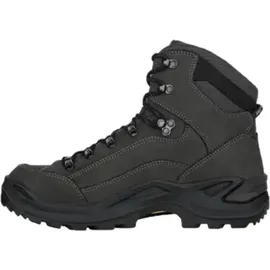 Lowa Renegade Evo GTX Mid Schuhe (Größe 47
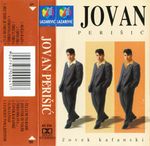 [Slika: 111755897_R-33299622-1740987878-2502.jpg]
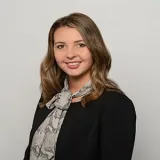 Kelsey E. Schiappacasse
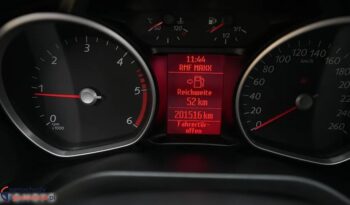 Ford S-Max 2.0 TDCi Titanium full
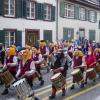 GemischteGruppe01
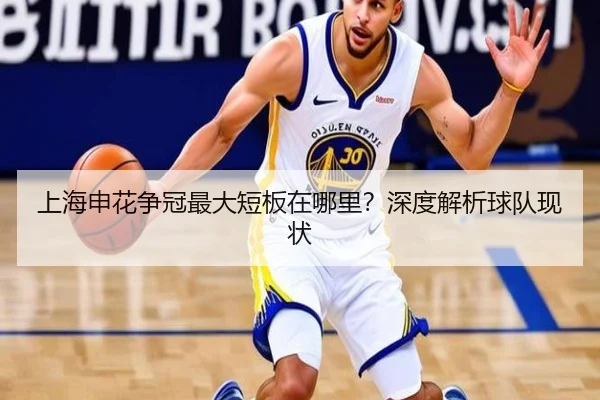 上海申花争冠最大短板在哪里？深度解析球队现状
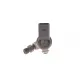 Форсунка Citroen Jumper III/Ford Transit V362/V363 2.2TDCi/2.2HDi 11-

§ YOUR INSTRUCTIONS
Without including any picture, write out the material above exactly.

§ ANSWER SECTION
 Lowa Renegade Evo GTX Mid Schuhe (Größe 47
 [Slika: 111755897_R-33299622-1740987878-2502.jpg]
 Kelsey E. Schiappacasse
 Ford S-Max 2.0 TDCi Titanium full
 GemischteGruppe01
 上海申花争冠最大短板在哪里？深度解析球队现状
 Форсунка Citroen Jumper III/Ford Transit V362/V363 2.2TDCi/2.2HDi 11-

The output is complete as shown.